Ketika harga daging sapi naik, konsumen akan cenderung membeli komoditas lain sebagai substitusi, misalnya memilih makan ayam atau lauk lainnya.

Baca juga: Harga daging sapi di DIY tidak terdampak aksi mogok di Jabodetabek

“Hal ini akan merugikan para pedagang dan dapat dipahami kenapa mereka enggan menjual daging sapi dengan harga kelewat tinggi. Selain itu, yang paling terdampak akibat kenaikan ini juga para pengusaha yang menjual makanan berbahan daging sapi,” ungkap Felippa.

Menurut dia, pengusaha makanan dihadapkan pada pilihan, misalnya menghilangkan menu daging sapi, mengurangi porsi atau bahkan menambah harga jual. Di sinilah seharusnya pemerintah bisa menilai efektivitas kebijakan yang sudah diterapkan pada daging sapi.

Menanggapi wacana impor daging sapi, Felippa berpendapat kalau langkah ini merupakan langkah yang strategis untuk dilakukan, mempertimbangkan adanya siklus tahunan kenaikan permintaan jelang Ramadan dan juga Hari Raya Idul Fitri.

Produksi daging sapi domestik hanya dapat memenuhi sekitar 70 persen dari permintaan. Industri daging domestik masih belum mampu bersaing dengan industri daging luar negeri. Kita sudah melihat bahwa harga tinggi merugikan bukan hanya konsumen tetapi juga pedagang.

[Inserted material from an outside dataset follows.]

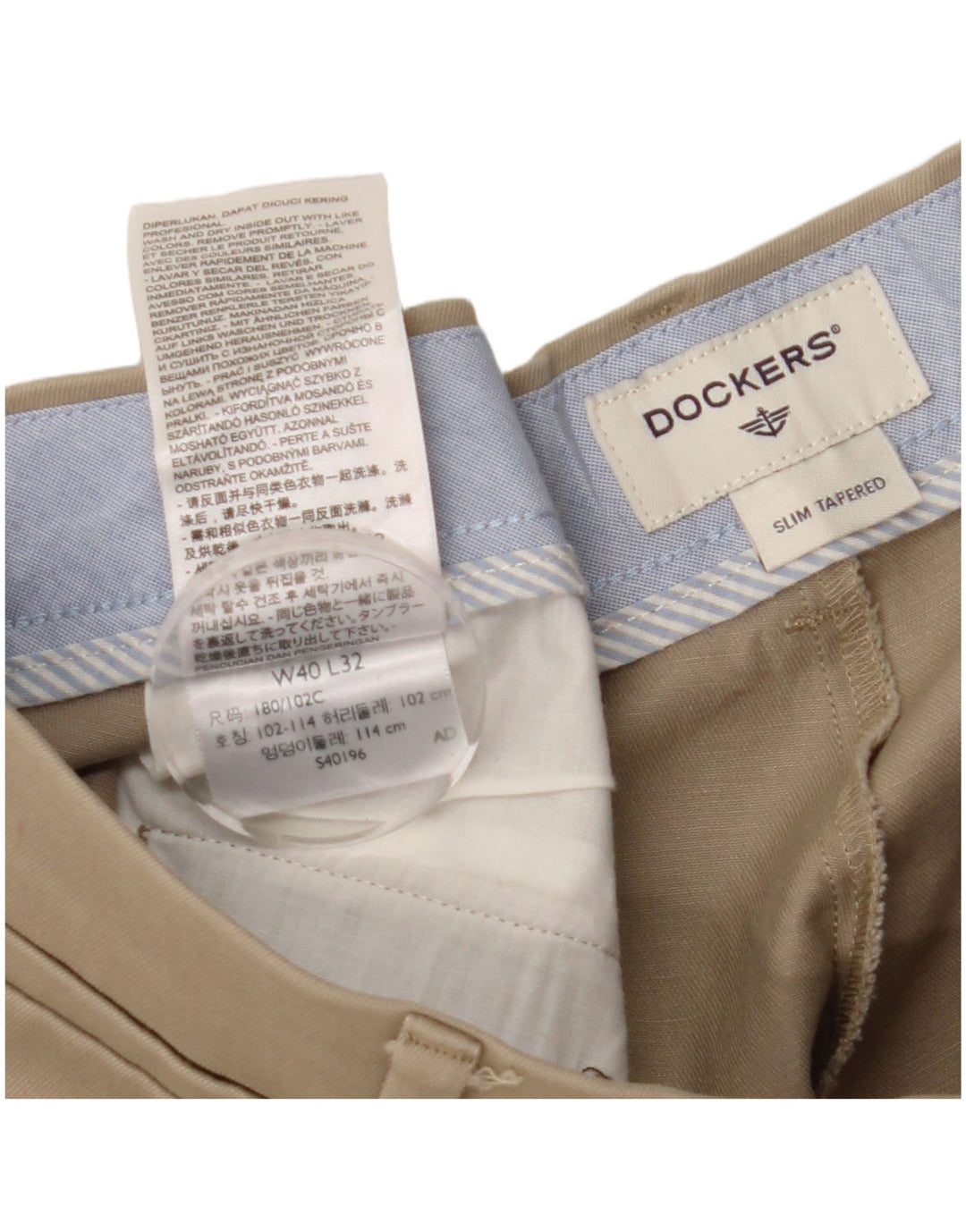 DOCKERS Herre Slim Tapered Chino Bukser W40 L29 Beige Bomuld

“Jadi kami memandang impor sebagai langkah yang tepat untuk mengatasi kesenjangan. Namun perlu dicatat, impor juga merupakan kebijakan yang akan efektif kalau diikuti adanya data yang akurat dan perkiraan waktu yang tepat dalam eksekusinya. Kami juga mendukung impor yang dilakukan secara transparan. Sistem kuota sudah terbukti rawan pelanggaran dan hal ini perlu dievaluasi oleh pemerintah,” tegasnya.